As a family physician, Dr. Presutti is already integrating genomics and genetic screening into his everyday medical decision-making for his patients, realizing the potential for detecting inherited genetic diseases, reducing late-stage cancer diagnoses and saving lives.
"If I can help identify those patients at high risk, then we can start screening them earlier and avoid the situation of metastatic cancer and early cancer deaths," Dr. Presutti explains. "At the end of the day, it's not about screening every patient for every disease, because we could probably flood ourselves with data that way. What we want to do is understand who's at risk, and then screen appropriately."
A key part of his effort is integrating Mayo Clinic's genomics experts into his patients' care team to provide education and guidance.

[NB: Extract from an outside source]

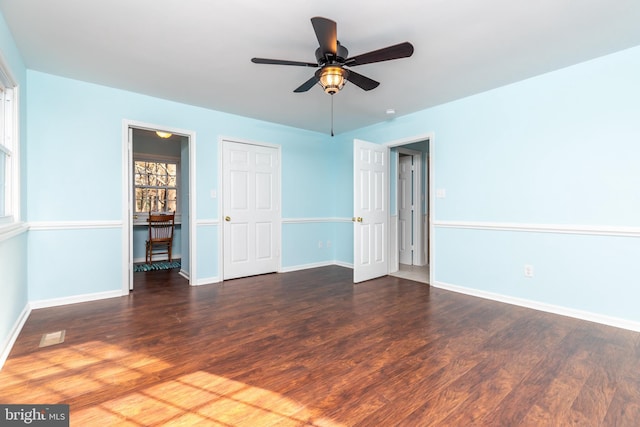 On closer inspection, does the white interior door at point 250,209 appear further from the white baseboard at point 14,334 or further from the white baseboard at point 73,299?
the white baseboard at point 14,334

"Here at Mayo Clinic, patients know that the genetic information they're receiving is quality," Dr. Presutti says. "And they feel safe with conversations with our genetic counselors and our medical geneticists."
Ultimately, Dr. Presutti envisions a day when he can incorporate multiple omics into his practice, including pharmacogenomics — the study of how genes affect a person's response to drugs. He says this advanced omics approach could help make patient visits more focused on proactive and preventative care rather than reactive.
Mayo Clinic staff are working hard to increase access to omics-related studies and clinical trials for more people, including underrepresented racial and ethnic minority populations and those living in rural communities. To broaden the reach, clinical trial study staff are already transitioning some omics-related studies out of hospitals, labs, and clinics to take them directly to people in their homes and communities.
This new era of direct-to-patient omics clinical trials is built on a foundation of collaborations with local communities, including local health systems and nontraditional sites, like churches or retail centers.
Thanks to advances in medical tools and technologies, some of the at-home clinical trial processes may include administering experimental therapies, collecting biospecimen samples, conducting mobile imaging, completing electronic survey questionnaires, participating in telehealth video visits and using special medical monitoring devices.
The 12th annual Mayo Clinic Individualizing Medicine Conference, called "Direct-to-Patient Omics-Based Clinical Trials" on May 5-6, 2023, in Ponte Vedra, Florida, will bring together some of the world's top scientists, clinicians and thought leaders to share the latest omics and data-driven analytical technologies and research.
"The landscape of medicine is changing," says Konstantinos Lazaridis, M.D., the Carlson and Nelson Endowed Executive Director for Mayo Clinic's Center for Individualized Medicine. "What we thought clinical studies and trials were five years ago is no longer the case. Direct-to-patient omics-based clinical studies are increasing access, leveraging minority engagement, decreasing costs, and ultimately improving patient care. Omics education for providers will update those at the front lines of health care on the most state-of-the-art knowledge in the field."